Pas besoin de lire le dernier opus d’Eugénie Bastié pour comprendre que la culture «woke» est sa cible de prédilection. A chacune de ses apparitions télévisées, et dans presque toutes ses tribunes, l’éditorialiste du «Figaro» défend sa vision d’un monde bien trop oublieux de ses racines, des évidences physiques, et des traditions qui ont fabriqué nos sociétés depuis des millénaires. Tant mieux! Je lis toujours avec plaisir, pour ma part, les chroniques de cette mère de famille de 31 ans, égérie des réactionnaires de tout poil, que j’ai même comparé un jour – beau compliment, avouez-le – à Germaine de Staël pour leur commune volonté farouche d’influencer le débat politique!
Un homme est un homme
Une fois tout cela écrit, place aux arguments brandis par l’essayiste dans son court ouvrage «Sauver la différence des sexes», tout juste publié par l’excellente collection «Tracts» des éditions Gallimard. L’affaire est simple et se résume en une phrase: un homme est un homme, une femme est une femme. Point. A-t-elle raison ou tort? Biologiquement, la nature est incontestablement de son côté. Il s’agit donc de s’attaquer aux normes. La norme «ancienne», celle que nous connaissons depuis toujours, attribue aux garçons un certain nombre d’envies, de comportements et de références identitaires, depuis leur amour des camions en plastique jusqu’à leur goût supposé de l’affrontement.

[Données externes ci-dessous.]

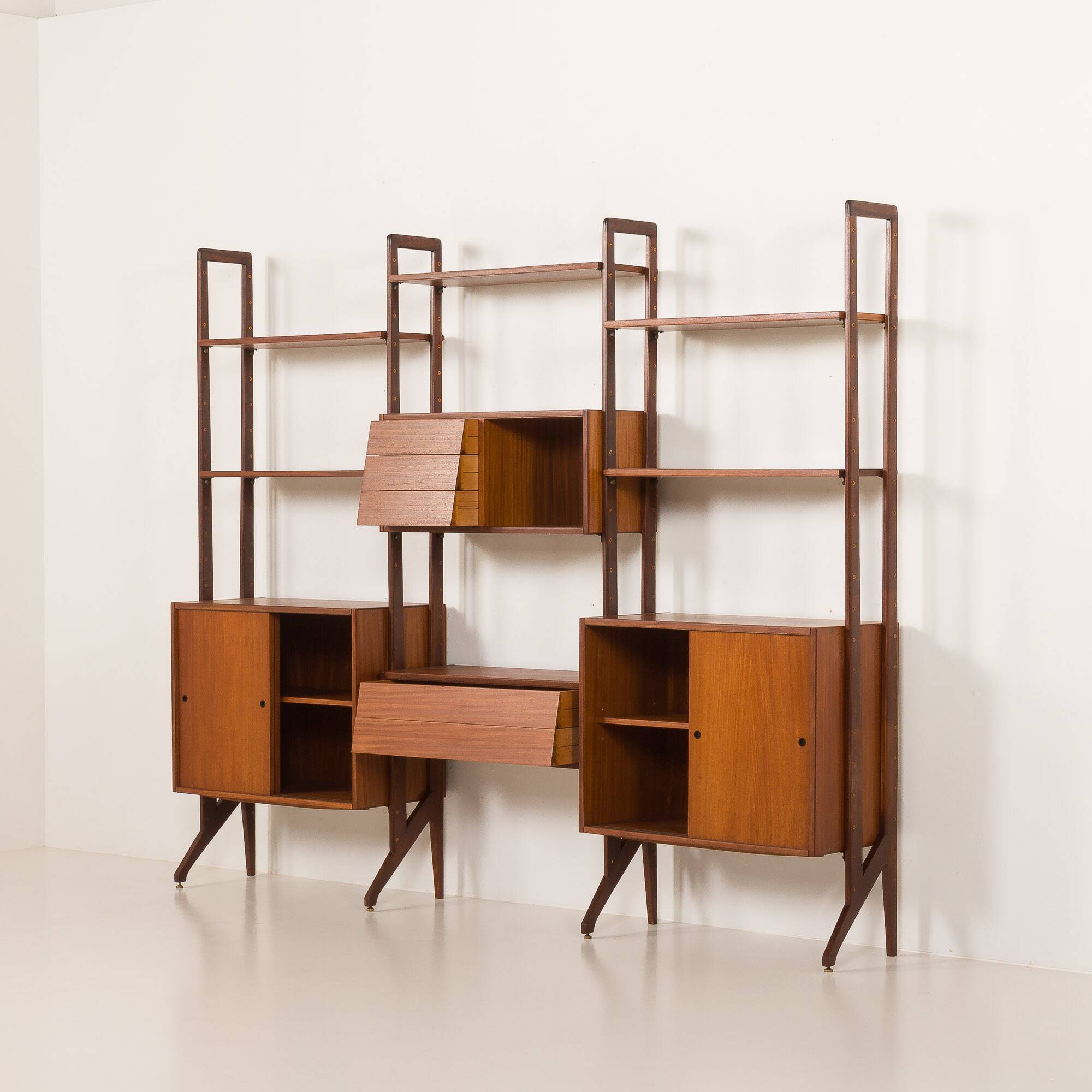 Italian freestanding wall unit or room divider in teak, 1960s
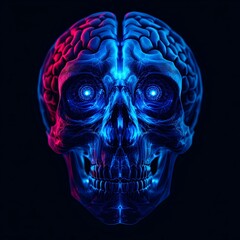 Sleek Digital Art of Human Brain in Profile with Contrast Between Yellow and Black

Cette même norme range les filles du côté des poupées et des couleurs pastel. Or voilà que tout cela est bousculé, foulé aux pieds, piétiné par ceux pour qui «il serait aujourd’hui loisible à chacun de se défaire de cette assignation par le seul levier de la volonté. Le corps deviendrait dès lors l’horizon d’un projet personnel, rabattant le réel biologique au rang des biens accessoires sans incidence existentielle».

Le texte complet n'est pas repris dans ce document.